The Students’ Union’s release reflected a number of the same sentiments provided by MacLatchy, however, it advocated in favour of combining the tuition cuts “with increased government investment in post-secondary institutions.”

“Ontario universities already receive the lowest levels of per-student public funding in Canada,” the statement continues. “We are committed to an affordable, accessible, and high quality academic experience, but recognize that without greater investment from the provincial government this cut represents a marginal short-term benefit designed to distract from insufficient long-term public funding.”

As expected, one of the primary concerns of the release is examining the changes that OSAP and ancillary fee structures might have on the future sustainability and growth of the Students’ Union, especially with the shifting of priority from grants to loans.

“The provincial government is limiting accessibility and imposing a greater debt burden on students,” the release said.

Furthermore, by removing the six-month repayment grace for debt repayment, the provincial government, they state, “continues to contradict its emphasis on post-secondary affordability.”

As a service that considers themselves an “integral part of Laurier’s renowned student experience” — which has been hailed as being number one for three years continuously — the Students’ Union is one of the many organizations on campus whose “institutional budgets have struggled to adapt to decreased public funding,” the release continued.

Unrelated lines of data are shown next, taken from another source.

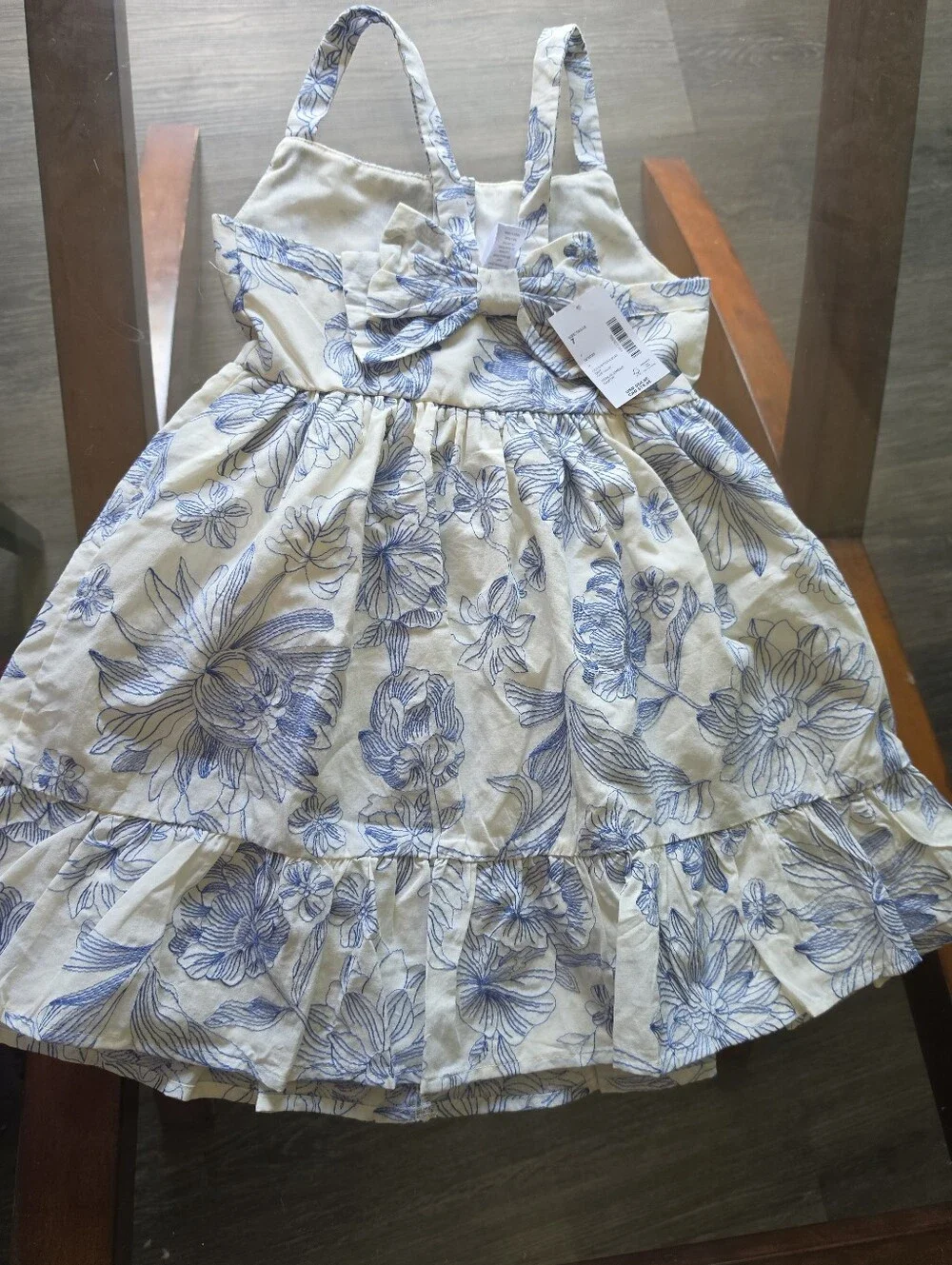 Gymboree Cream Dress with Blue Floral Print and Front Bow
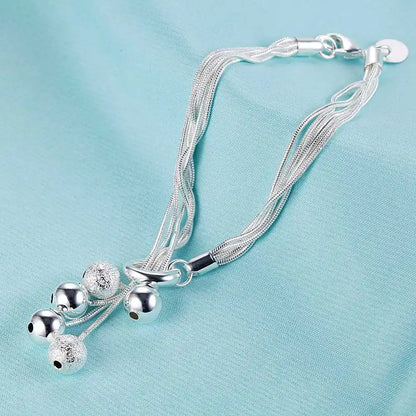 925 Sterling Silver Bead Bracelet – High-Quality Romantic Chain for Women, Fashion Jewelry Gift for Engagement, Party & Wedding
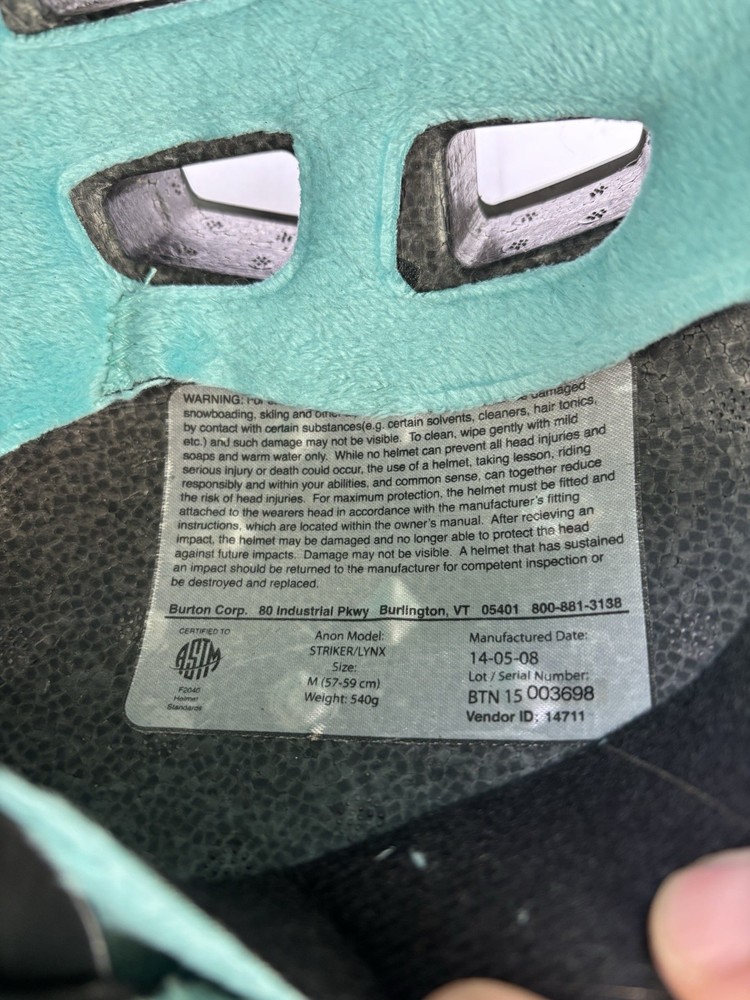 Anon Striker Lynx Snow Helmet-medium - Used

The release concludes, arguing in favour of the former ancillary fee structure because it promotes the “essential elements of student health and safety, career-building co-curricular leadership opportunities, peer-support services, and enable[s] engagement with global affairs far beyond our campuses and communities.”

On Jan. 22, between 4:00 p.m. to 5:30 p.m., a number of concerned student activists collected at the Veterans’ Green at the corner of Hazel Street and University Avenue, to demonstrate their collective voice against the provincial government’s decisions.

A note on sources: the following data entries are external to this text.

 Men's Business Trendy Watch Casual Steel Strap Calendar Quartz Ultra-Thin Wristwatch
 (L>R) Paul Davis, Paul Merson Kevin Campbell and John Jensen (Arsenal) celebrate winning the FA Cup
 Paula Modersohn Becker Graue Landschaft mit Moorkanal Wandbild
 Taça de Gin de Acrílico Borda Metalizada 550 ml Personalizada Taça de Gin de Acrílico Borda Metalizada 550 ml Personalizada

As well, Liberal MPP Mitzie Hunter, the former Minister of Advanced Education & Skills Development, spoke at the event.

“A few of us decided that we should take action. We need the government to be listening to students. The recent OSAP cuts are absolutely awful, especially since it’s basically an attack on low-income students and families,” said Desiree Sam, a fourth-year political science and environmental studies student at Laurier.

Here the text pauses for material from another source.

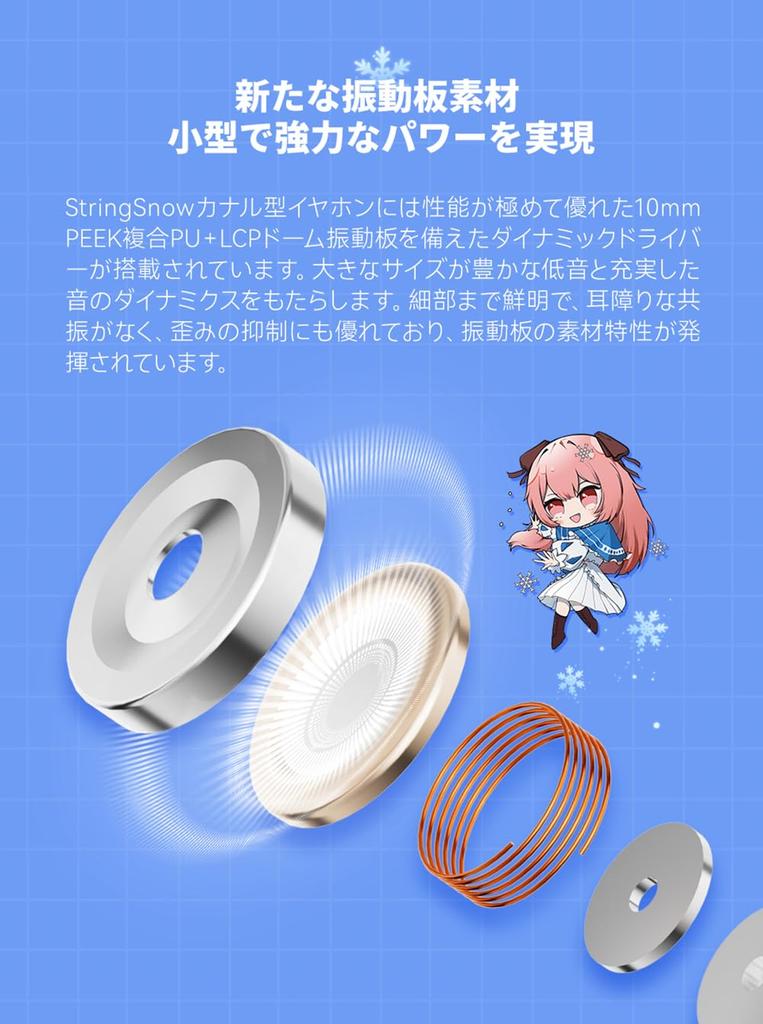 NICEHCK StringSnow 10mm Dynamic PEEK Composite PU LCP Dome Optimized Resonance Structure with Silver Foil Copper Three Color Sampling Sound Made in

“A lot of people I know personally are going to be affected very badly. I personally am going to be affected.”

As one of the organizers for the event, Sam wished to keep the protest peaceful and give the opportunity and chance for students to speak with politicians involved in the implementation of the previous OSAP, as well as those who helped create the legislation for providing free tuition to low-income students.

“It’s very important today that we be able to talk about how important these issues are, considering that education is very much a necessity and it is absolutely ridiculous that the government has decided to have an attack [against] low-income people … we hope that the government is listening,” Sam said.

A number of students also came out to support the protest, bundled against a piercing cold and extreme weather alert, to demonstrate their fierce opposition against the changes.

“I think it’s amazing seeing students coming together, protesting something that we don’t think is fair or right,” said Caitlyn Drexler, a fourth-year political science and law student at Laurier.

“It’s freezing today — having students still come out because we all believe in the same thing and we’re all extremely upset by the changes that Ford has made to the OSAP is really amazing.”

“I’m here because education is for everyone and it being inaccessible perpetuates a cycle of poverty because people can’t get educated and get out of bad situations … it means that we can’t afford education,” said Madeleine Neufeld, a third-year peace and conflict studies and political science student at Laurier.